I pulled air in through my nose for a ten count, my fingers curling into a fist at my side. Don’t yell. He hates yelling, and you need his help, Faith.
“We seem to have a few more things that don’t add up.” The words slid, one by one, through my teeth.
“Such as?”
“She’s got little bitty cuts on her knee that hadn’t scabbed over,” I said. “They were too new.”
“What kind of cuts?”
“Jim is going to swab them when he’s done. I decided my time would be better used out here in light of what we found. But they look like gravel to me. Pretty fine gravel.”
“Like the kind of fine gravel you might find on a high school track?” Graham raised one eyebrow.
Smart-ass.
I shrugged. “I guess we’ll see what the swab finds. But no high school track made the three-inch gash somebody carved
into her right hip after she was dead.”
“Define gash.”
“Looked like she was cut with a blade. Deep enough to bleed. No blood. Downward and inward line at about a forty-degree angle.”
Graham drummed his fingers on the countertop, looking behind me. “That, I don’t like the sound of.”
“Oh good, then we don’t have to stop to have you sent up for a psych eval.” I rolled my eyes. “Who would like the sound of that? But it means whatever happened to this girl, she didn’t jump off that wall.”
I tapped a toe, my teeth latching around the inside of my cheek. I was right about this, dammit. Graham used to trust me. Why didn’t he just believe me?
“Who goes to so much trouble to make something look like a suicide and then carves up the corpse after the fact?” Graham shook his head. “This makes no goddamn sense at all.”
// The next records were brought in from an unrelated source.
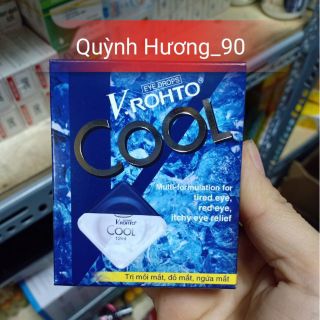 Nhỏ mắt VRohto COOL cho cảm giác mát lạnh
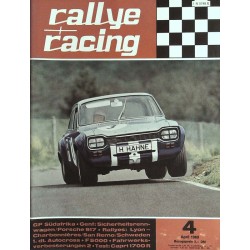 Rallye Racing Magazin 4 / April 1969 - Hubert Hahne auf Ford Escort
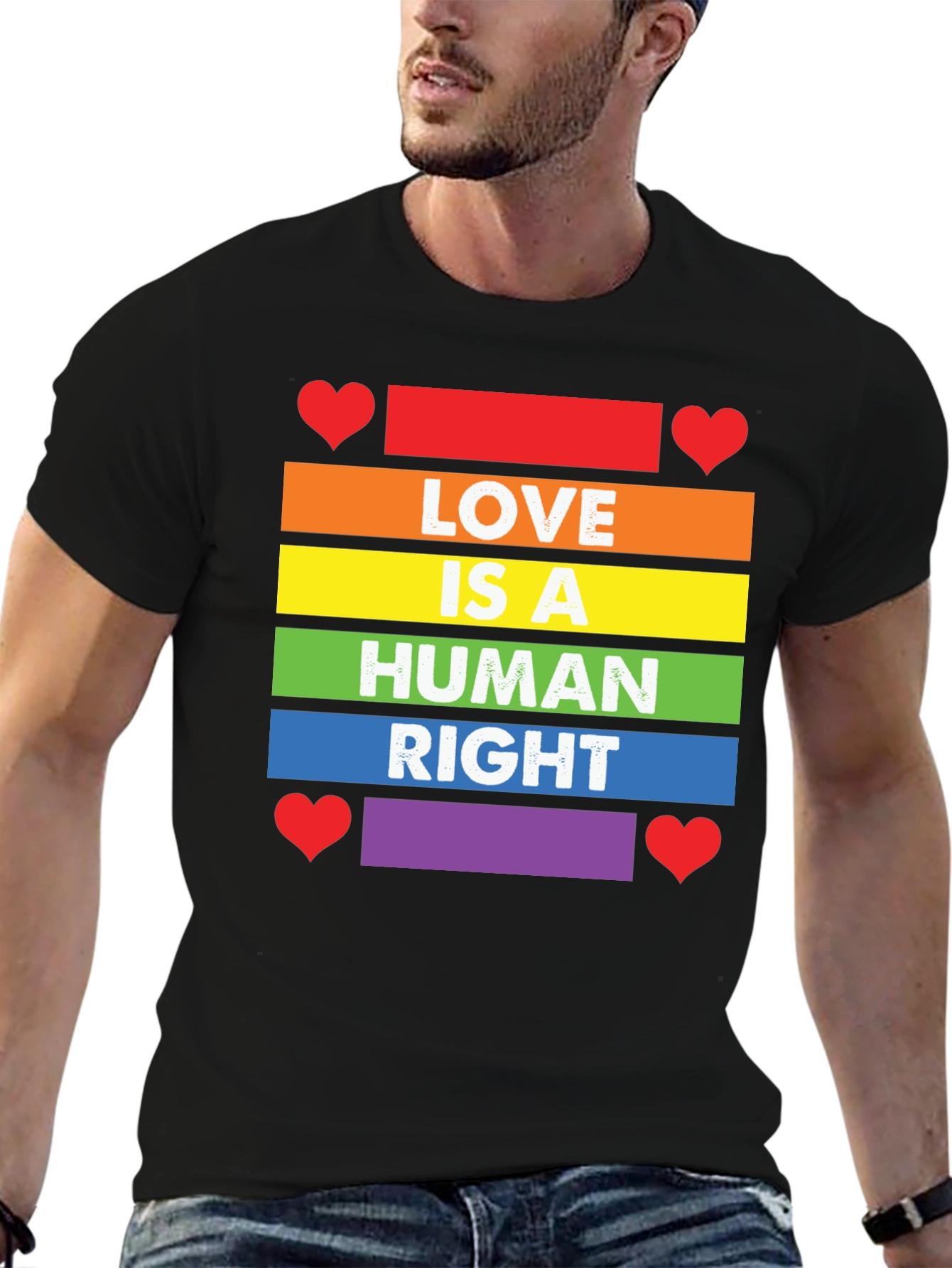 Love is a Human Right Pride T-Shirt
I didn’t answer, something floating around the back of my brain that I couldn’t quite grab ahold of. He was right. None of it made any sense. It was our job to see the twisted logic in an illogical situation.
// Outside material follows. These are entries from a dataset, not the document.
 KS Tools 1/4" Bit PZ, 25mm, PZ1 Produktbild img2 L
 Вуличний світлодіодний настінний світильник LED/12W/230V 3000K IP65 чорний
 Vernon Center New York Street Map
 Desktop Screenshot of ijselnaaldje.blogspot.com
“Let’s say you’re right, and this wasn’t some random sicko who found her and started to chop her up and thought better of it,” Graham began, and I raised one hand.
“Are you even listening to yourself? She was cut postmortem, under her replaced clothes, and then turned over and arranged. For the love of God, Graham. Tenley Andre was murdered.”
He pinched his lips together, his eyes darting from one corner of the room to the other. “Yeah.” It floated out with a long sigh, so low I almost didn’t catch the word.
My forehead drew down, my voice dropping as I stepped closer to him. “This isn’t you at all, is it?”
He shook his head so slightly a blink would’ve made anyone miss it and put a hand on the small of my back, propelling me toward the door.
We were halfway down the block before he spoke, the sun warming the back of my neck even as a chill stole through me at the creepy-solemn set to Graham’s jaw.